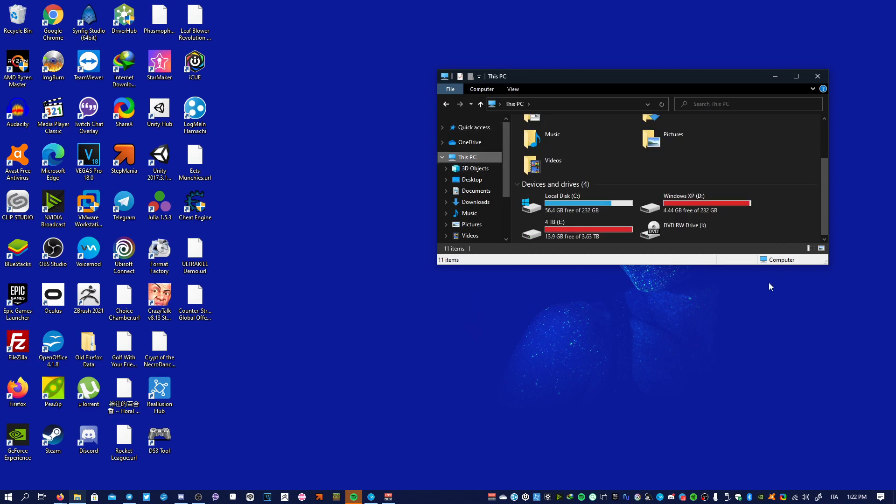You scroll down and you have all your hard drives here with all of your free space. And oh my god, my 4TB drive is almost filled in!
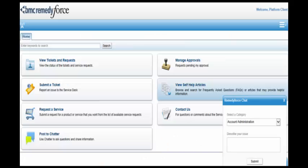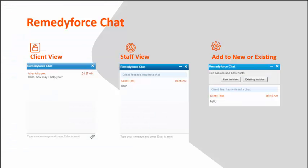In the self-service portal, the chat form can be accessed in the lower right-hand corner. This is how it will look to client users when the pre-chat form is enabled. The client and staff chat windows are consistent and intuitive to use. Clients have the ability to add attachments to the chat session by clicking on the paperclip icon. Once the chat session is over, the staff member can create a new incident or add to an existing incident.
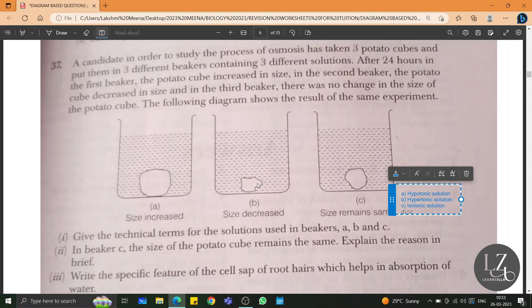Isotonic means there is no change in the size of the potato cube because the concentration of solute and water outside and inside the cell are the same. In beaker C, the concentration of water and solute is the same in the solution as in the potato cube, due to which no osmosis occurs and the size of the potato cube remains the same.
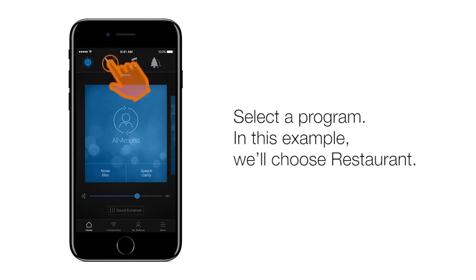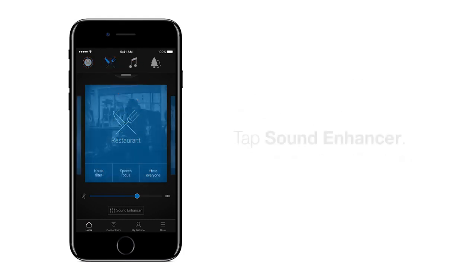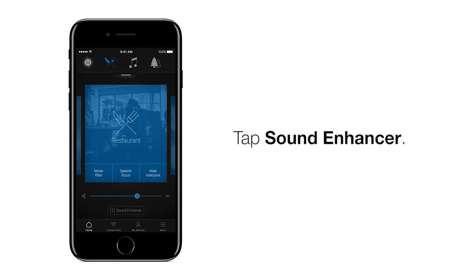Select a program. In this example, we'll choose Restaurant — the fork and knife icon along the top. Then tap Sound Enhancer, the button on the bottom just above the bottom menu.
+ + +
Write out exactly the lines of the material above, starting with the first and finishing with the line that contains "In the self-service", without pictures.

You scroll down and you have all your hard drives here with all of your free space. And oh my god, my 4TB drive is almost filled in!
In the self-service portal, the chat form can be accessed in the lower right-hand corner. This is how it will look to client users when the pre-chat form is enabled. The client and staff chat windows are consistent and intuitive to use. Clients have the ability to add attachments to the chat session by clicking on the paperclip icon. Once the chat session is over, the staff member can create a new incident or add to an existing incident.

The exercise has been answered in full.